Hence, that simple goal could result in next-goal goals across different teams. And as they deliver on individual outcomes around this goal, the visibility of the overall north star goal also drives more collaboration.
This is true for most cross-functional goals as well. The companies that incorporate OKRs the best often create transparency around the goals and have break-downs of the organisational goals across team and functional levels.
Agility: While it is important to have clarity on the long-term strategic direction of the company, it is also important to be agile. A lot of technology teams incorporate agile workflows in their work planning. How do the OKRs align?
Again, just developing the OKRs at the organisational and team level is not the endgame. OKRs have to be baked into the decision-making process. Which means periodic team discussions and reviews with a need to reflect on what has been achieved and what needs to be done differently.
Best-in-class companies, in their quarterly reviews, incorporate lessons learnt from the previous quarter and the changes needed for meeting the OKRs.
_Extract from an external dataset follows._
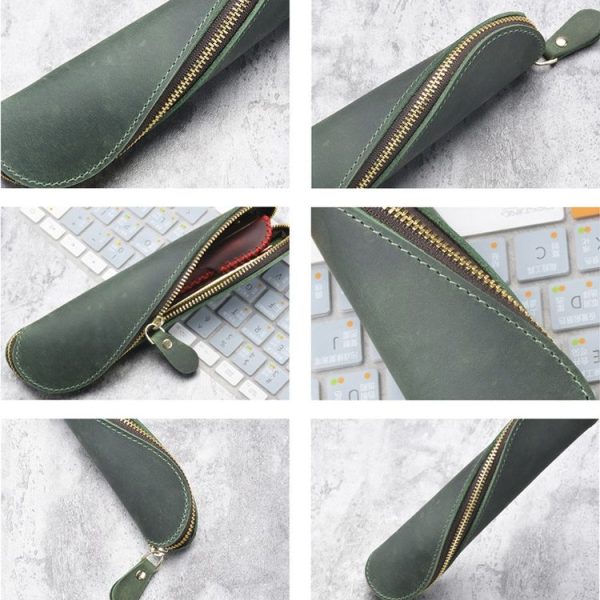 A-T09 S Zipper Crazy Horse Leather Vintage Leather Pen Bag (Brown Yellow) - Image 4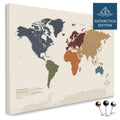 Weltkarte mit Antarktis in Multicolor Vivid als Pinnwand Leinwand kaufen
For example, despite building a strong product, a company could experience a drop in customer interest at the onboarding stage. Imagine that the customer success team finds out that the users need more hand holding at the onboarding stage. That could become an input for the training team to design self-learning videos or use cases.
By regular discussions and feedback, if NPS is a north star metric, these problems can be addressed without waiting for a year and then discovering issues during the next annual cycle.
However, for CEOs implementing OKRs for their company, another fascinating read is the Harvard Business School 2009 article, Goals Gone Wild.
The article highlights ways in goal-setting that can go wrong. Too many goals, unrealistic goals either in terms of end objective or timelines can be counterproductive.
With corporate governance being an increasingly important pillar for companies to be strong in, along with driving growth, this serves as a good sense-check to make sure that while implementing OKRs, we are not misusing goals and making our lives more difficult instead of easier.